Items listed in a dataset

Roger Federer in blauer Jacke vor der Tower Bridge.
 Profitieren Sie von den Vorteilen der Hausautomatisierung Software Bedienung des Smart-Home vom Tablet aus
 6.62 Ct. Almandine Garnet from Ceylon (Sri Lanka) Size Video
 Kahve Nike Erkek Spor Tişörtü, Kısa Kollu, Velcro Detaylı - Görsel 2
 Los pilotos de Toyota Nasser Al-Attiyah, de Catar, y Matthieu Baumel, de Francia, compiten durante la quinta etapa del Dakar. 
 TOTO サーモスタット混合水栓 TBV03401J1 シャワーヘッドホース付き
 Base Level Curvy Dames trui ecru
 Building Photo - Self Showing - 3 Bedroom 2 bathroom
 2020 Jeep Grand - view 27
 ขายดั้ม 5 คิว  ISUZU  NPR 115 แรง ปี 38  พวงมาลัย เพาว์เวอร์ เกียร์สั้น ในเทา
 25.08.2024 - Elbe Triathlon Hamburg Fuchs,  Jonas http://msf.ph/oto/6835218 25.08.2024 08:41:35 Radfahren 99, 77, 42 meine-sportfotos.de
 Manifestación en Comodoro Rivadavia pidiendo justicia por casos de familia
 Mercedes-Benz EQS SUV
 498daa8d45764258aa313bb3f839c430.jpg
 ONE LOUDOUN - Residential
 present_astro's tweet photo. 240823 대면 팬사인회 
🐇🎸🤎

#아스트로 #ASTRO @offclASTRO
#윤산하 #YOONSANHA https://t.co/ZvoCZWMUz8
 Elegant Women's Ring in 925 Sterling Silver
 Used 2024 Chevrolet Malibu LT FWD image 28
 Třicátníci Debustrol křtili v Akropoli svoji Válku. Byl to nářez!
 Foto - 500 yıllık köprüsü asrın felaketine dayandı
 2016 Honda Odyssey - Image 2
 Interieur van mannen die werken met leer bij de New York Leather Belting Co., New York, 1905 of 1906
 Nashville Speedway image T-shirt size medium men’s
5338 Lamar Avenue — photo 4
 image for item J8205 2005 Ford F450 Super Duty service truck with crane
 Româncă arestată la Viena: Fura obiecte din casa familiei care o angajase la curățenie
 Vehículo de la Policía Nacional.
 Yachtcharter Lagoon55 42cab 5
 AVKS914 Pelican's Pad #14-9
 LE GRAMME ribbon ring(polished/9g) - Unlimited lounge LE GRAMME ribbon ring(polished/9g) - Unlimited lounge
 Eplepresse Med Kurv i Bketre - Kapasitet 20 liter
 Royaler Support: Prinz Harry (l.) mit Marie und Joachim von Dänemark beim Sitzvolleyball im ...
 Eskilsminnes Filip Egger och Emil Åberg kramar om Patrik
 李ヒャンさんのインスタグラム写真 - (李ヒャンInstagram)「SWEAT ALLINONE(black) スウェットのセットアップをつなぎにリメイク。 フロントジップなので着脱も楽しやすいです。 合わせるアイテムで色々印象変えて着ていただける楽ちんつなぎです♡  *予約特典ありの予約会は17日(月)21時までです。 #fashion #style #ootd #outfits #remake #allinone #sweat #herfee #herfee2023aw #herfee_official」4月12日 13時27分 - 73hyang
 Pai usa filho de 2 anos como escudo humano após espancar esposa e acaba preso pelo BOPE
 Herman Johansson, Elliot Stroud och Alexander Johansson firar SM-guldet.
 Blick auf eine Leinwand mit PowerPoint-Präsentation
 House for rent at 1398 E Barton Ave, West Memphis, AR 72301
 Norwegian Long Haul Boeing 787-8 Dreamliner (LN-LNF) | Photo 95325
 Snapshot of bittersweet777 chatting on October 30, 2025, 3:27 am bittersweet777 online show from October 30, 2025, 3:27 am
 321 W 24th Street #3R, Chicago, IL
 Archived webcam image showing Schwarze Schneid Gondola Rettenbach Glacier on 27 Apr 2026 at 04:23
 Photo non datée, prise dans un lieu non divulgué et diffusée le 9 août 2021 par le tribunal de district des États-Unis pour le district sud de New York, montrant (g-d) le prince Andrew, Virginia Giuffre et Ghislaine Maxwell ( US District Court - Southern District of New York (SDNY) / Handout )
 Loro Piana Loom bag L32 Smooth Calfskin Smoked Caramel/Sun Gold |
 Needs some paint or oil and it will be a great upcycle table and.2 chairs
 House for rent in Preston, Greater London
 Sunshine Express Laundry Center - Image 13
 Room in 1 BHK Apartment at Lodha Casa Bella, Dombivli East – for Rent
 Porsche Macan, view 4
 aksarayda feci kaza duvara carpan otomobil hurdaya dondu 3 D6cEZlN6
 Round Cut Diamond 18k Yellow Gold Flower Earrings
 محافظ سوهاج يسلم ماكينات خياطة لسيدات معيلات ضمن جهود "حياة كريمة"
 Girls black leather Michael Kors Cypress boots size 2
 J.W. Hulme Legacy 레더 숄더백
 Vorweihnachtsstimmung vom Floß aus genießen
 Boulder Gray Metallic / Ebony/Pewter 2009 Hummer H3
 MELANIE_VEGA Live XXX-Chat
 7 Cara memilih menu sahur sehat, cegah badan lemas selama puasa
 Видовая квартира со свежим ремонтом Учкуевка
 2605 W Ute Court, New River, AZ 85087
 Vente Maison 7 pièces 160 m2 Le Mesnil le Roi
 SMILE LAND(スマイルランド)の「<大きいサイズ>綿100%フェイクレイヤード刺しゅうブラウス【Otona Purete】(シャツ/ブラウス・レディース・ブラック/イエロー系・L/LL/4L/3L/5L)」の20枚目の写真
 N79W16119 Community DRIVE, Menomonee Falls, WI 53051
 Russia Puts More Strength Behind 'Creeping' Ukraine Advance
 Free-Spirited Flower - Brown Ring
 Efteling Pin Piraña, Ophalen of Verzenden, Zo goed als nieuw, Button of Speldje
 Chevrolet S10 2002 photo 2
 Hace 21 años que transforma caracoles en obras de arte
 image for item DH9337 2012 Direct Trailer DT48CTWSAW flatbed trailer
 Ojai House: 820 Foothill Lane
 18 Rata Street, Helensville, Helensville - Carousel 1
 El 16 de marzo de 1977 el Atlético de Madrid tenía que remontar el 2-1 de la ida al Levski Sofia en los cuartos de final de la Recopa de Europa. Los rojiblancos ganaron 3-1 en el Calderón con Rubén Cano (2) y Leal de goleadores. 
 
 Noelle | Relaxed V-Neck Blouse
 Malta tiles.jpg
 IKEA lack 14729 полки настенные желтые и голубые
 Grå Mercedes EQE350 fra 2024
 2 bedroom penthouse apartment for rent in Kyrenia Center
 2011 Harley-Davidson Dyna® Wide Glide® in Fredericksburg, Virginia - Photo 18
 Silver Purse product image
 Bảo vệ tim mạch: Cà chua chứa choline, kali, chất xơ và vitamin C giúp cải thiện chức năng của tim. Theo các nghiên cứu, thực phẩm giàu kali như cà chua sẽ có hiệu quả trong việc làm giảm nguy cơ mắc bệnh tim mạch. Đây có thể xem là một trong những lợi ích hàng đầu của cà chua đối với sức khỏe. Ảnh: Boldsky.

About this exercise ▸ The lines you need are those with the word "Chevrolet"; list them from the entries.

Written solution ▸
 Used 2024 Chevrolet Malibu LT FWD image 28
 Chevrolet S10 2002 photo 2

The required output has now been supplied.